Kentucky Center for the Performing Arts, home of the Louisville Orchestra (photo: Frankie Steele)

“If we’re relying on the younger generation to help boost interest in classical music, look no further than Teddy Abrams.”
— NPR Music

“A genre-defying orchestra in Louisville? Believe it.”
— Time magazine

(April 2022) — The Louisville Orchestra (LO) and its galvanizing Music Director Teddy Abrams – now in his eighth season at the orchestra’s helm and recently named Musical America’s Conductor of the Year for 2022 – have had a banner spring by any measure. The orchestra’s groundbreaking community engagement initiatives have been given unprecedented momentum by recent announcements of a $4.3M appropriation from the state of Kentucky for the resumption of a statewide touring program and a grant from the Mellon Foundation to facilitate the new Creators Corps initiative for composers that begins next season. Two innovative concert programs also remain in the season: the first concert in a multi-season series called “Reclaimed Treasures” that explores confluences and influences in Black and Jewish music, and a Louisville Orchestra-commissioned world premiere from rising young Louisville composer KiMani Bridges on a program with the world premiere of Adam Schoenberg’s Automation, a technologically adventurous double concerto featuring cellist Yves Dhar and his holographic cello-playing counterpart, AGNES, as well as the debut in an orchestral setting of a futuristic instrument called the halldorophone.

Newly Announced Statewide Touring Program

The orchestra learned in March that it will be receiving a $4.3M appropriation from the Kentucky General Assembly to resume an annual statewide touring program.
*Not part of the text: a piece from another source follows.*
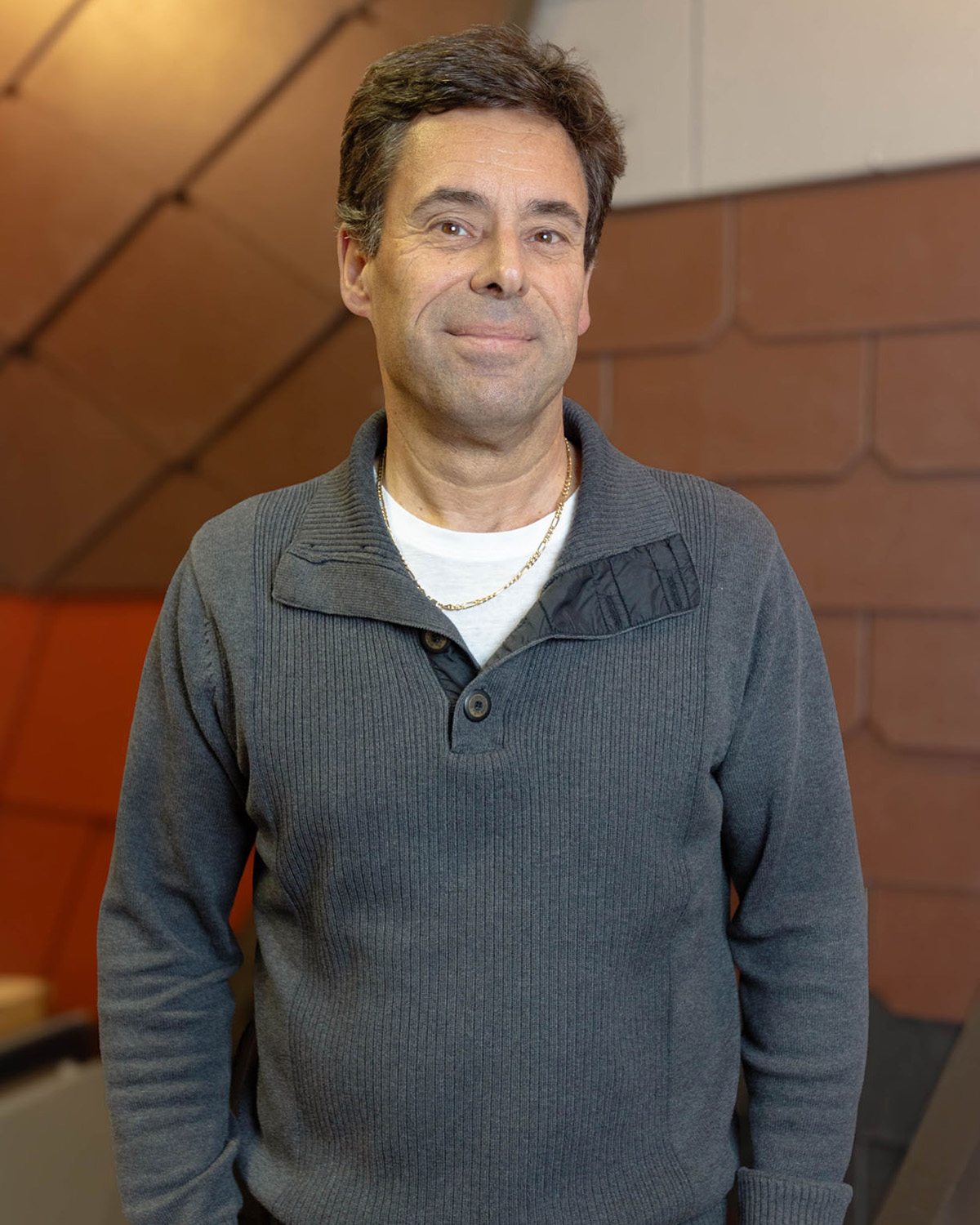 Mann mit dunklem Haar trägt grauen Pullover und goldene Halskette, lächelt leicht in die Kamera.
This appropriation is an unprecedented commitment from the state, allowing the orchestra to visit every region of the Commonwealth of Kentucky over two years, beginning in 2023.

Including multiple tours by the full Louisville Orchestra, as well as strategic engagement of local ensembles and artists across the next two concert seasons, the statewide project will launch a new era of deep community partnerships, carrying the LO’s dedication to building creative communities to cities and towns across Kentucky. Participation in all touring activities, including tickets to all performances, will be free.

Creators Corps

Another of Abrams’s inspirations is the newly announced Louisville Orchestra Creators Corps, which completely transcends traditional commissioning and composer-in-residence paradigms with a radically new model for collaborating with symphony orchestras in the 21st century. Each year in the spring, the orchestra will select three creators to move to Louisville for the upcoming season and live in the Shelby neighborhood for at least 30 weeks, serving as staff members with an annual salary of $40,000, health insurance, housing, and a custom-built studio workspace. Throughout their residencies, they will compose new works to be performed by the orchestra, participate in educational and community engagement activities, and be active, engaged citizens of their neighborhood. The program has been funded by a three-year, $750,000 grant from the Mellon Foundation and by individual donors. Applications for the 2022-23 season are due by May 2, and the three finalists will be publicly announced in mid-June. The residency begins September 1.

Reclaimed Treasures: Connections Between Black and Jewish Music (April 30)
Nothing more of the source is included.